2941
Views

GAO: U.S. Navy Needs to Evaluate Training Improvements

alt
File image courtesy USN

Published Nov 20, 2019 8:56 PM by The Maritime Executive

In a new report, the U.S. Government Accountability Office recommends that the U.S. Navy should do more to evaluate the success of its post-2017 training reforms. 

In the wake of the human error-driven collisions involving the USS Fitzgerald and USS John S. McCain in 2017, the Navy increased its training resources and requirements for surface warfare officers (SWOs). It plans to inrease initial bridge training hours for SWOs by a factor of three by 2021, and it has added more classroom and simulator time to existing training courses to improve watchkeeping skills. 

Prior to 2017, new SWOs had to have about 175 hours of shiphandling and watchstanding training before shipping out. The Navy increased that to 200 hours after the collision, and this June it added a four-week, 158-hour watchkeeping and shiphandling course to the required curriculum. Additional changes in 2021 will add another 185 hours, effectively tripling the time for training.  
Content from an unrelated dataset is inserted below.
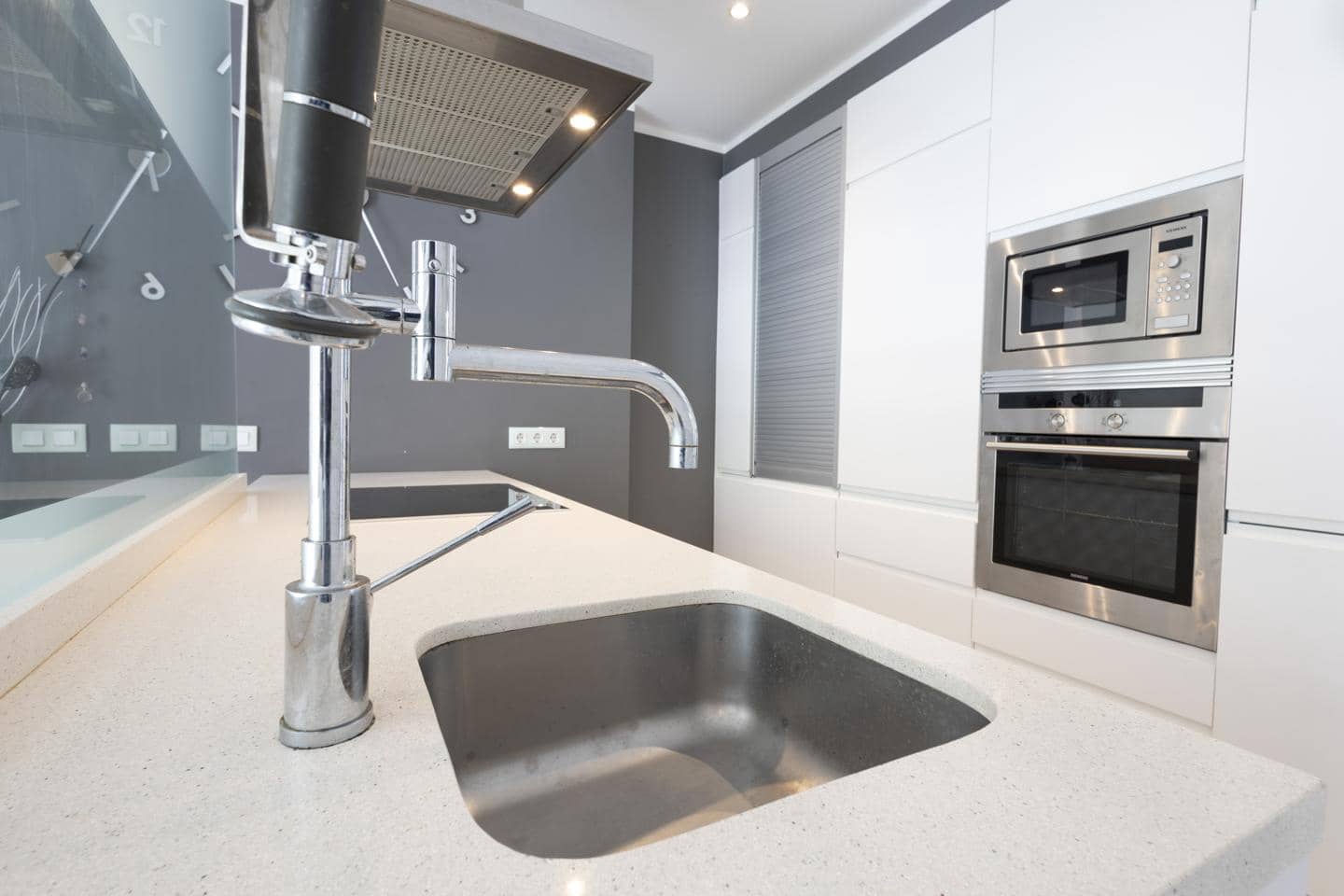 2 bedroom Flat for sale in Arona - € 459,000 (Ref: 8886876)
While the Navy is making significant changes to SWO training, the GAO believes it is not doing enough to evaluate how well these changes are working. GAO asserts that the Navy has not:

- identified a method to solicit fleet-wide feedback on the quality of the increased training for SWOs;
- planned watchkeeping competency “spot checks” like those instituted after the 2017 collisions, despite Navy inspectors having found issues with more than 80 percent of SWOs’ ship-driving skills;
- provided standard criteria to commanding officers for qualifying SWOs to drive ships, contributing to significant variance in ship-driving experience and competency levels across the fleet; nor
- developed a specific plan to analyze and use information from the new logbooks in which SWOs document their watchkeeping experience.
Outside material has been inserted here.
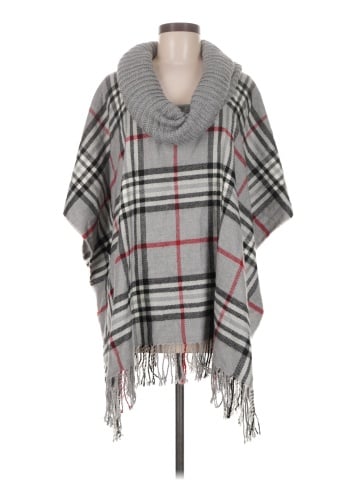 V.Fraas Poncho (view 1)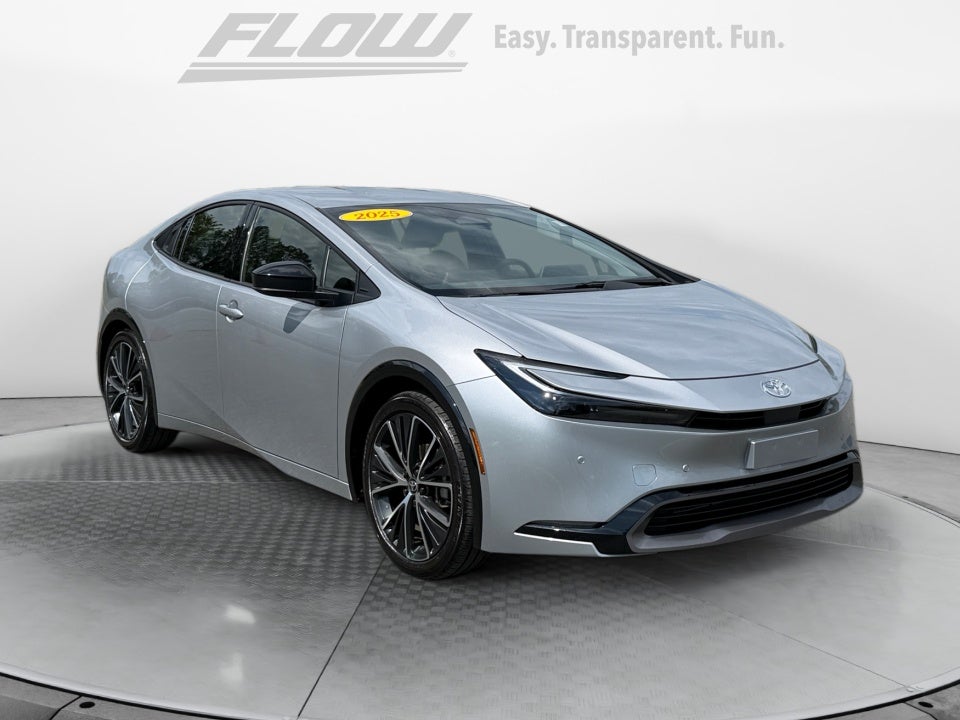 2025 Toyota Prius XLE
GAO's interviews with SWOs and commanders in the field determined that shipboard qualification standards are quite variable: some COs are qualifying their new officers without requiring any prior experience on the bridge, while other commands provide considerable hands-on training. Circumstances differ for new SWOs assigned to ships in maintenance and those deployed at sea. 
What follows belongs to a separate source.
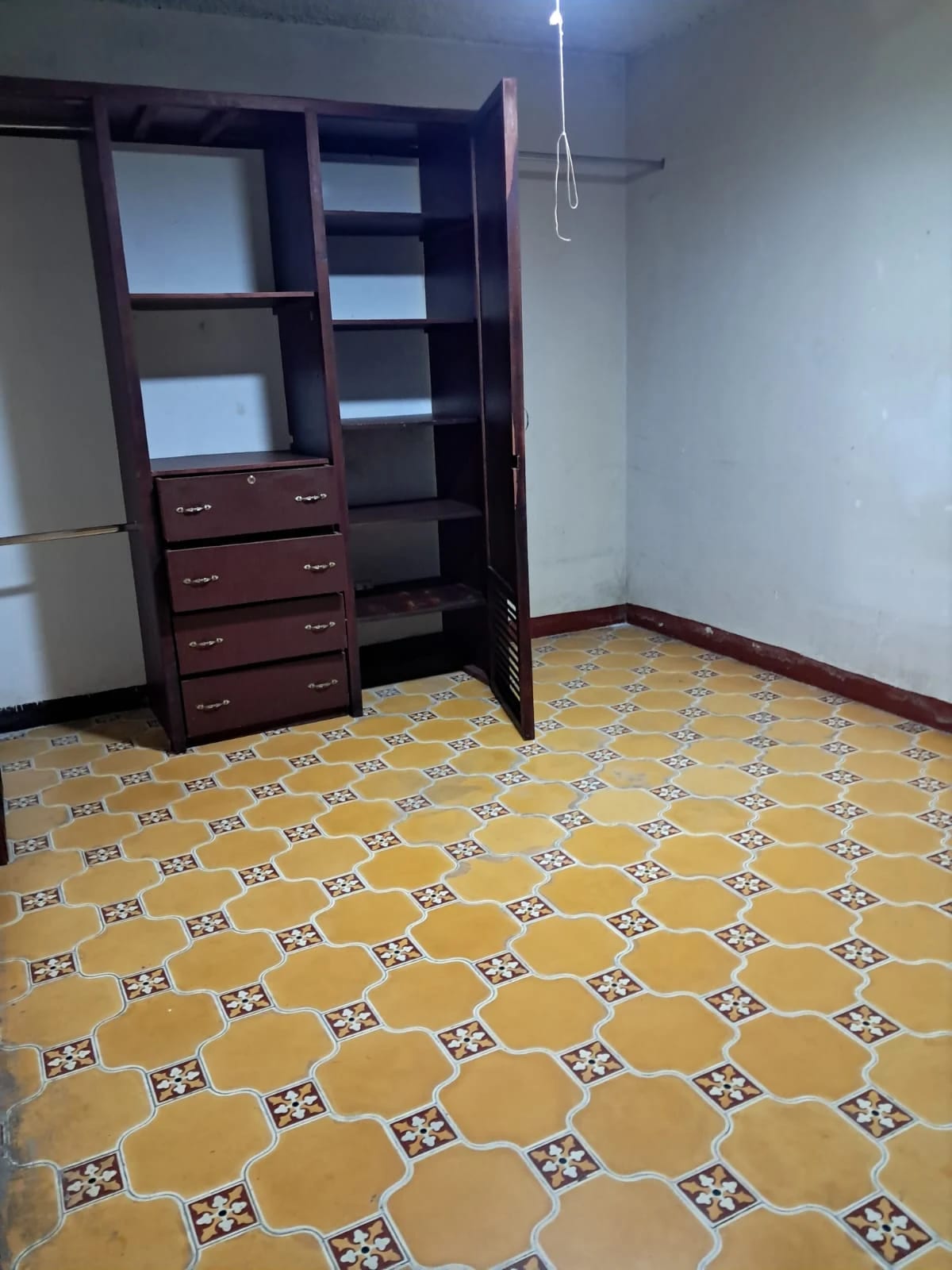 CASA EN VENTA EN ZONA 5, COLONIA ABRIL — Casa en Venta en Colonia Abril, Zona 5, Guatemala, Ciudad — foto 6 de 10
Similarly, the utility of the new SWO watchstanding logbook varies by command. "SWOs in five of 24 discussion groups reported that logbooks are completed with inconsistent quality or not completed at all. Additionally, SWOs in four of 24 discussion groups reported that they are unaware of any plans to use the logbook information to identify any additional training needs," GAO found. 

GAO noted that navigation-related vessel casualties are an ongoing concern for the Navy, as they are for most large shipowners. In February, the cruiser USS Leyte Gulf had a minor collision with the auxiliary USNS Robert E. Peary during an underway replenishment operation off Florida. In June, the LCS USS Billings had a minor allision with a moored merchant ship while leaving a pier in Montreal. The causal factors behind these incidents have not been released.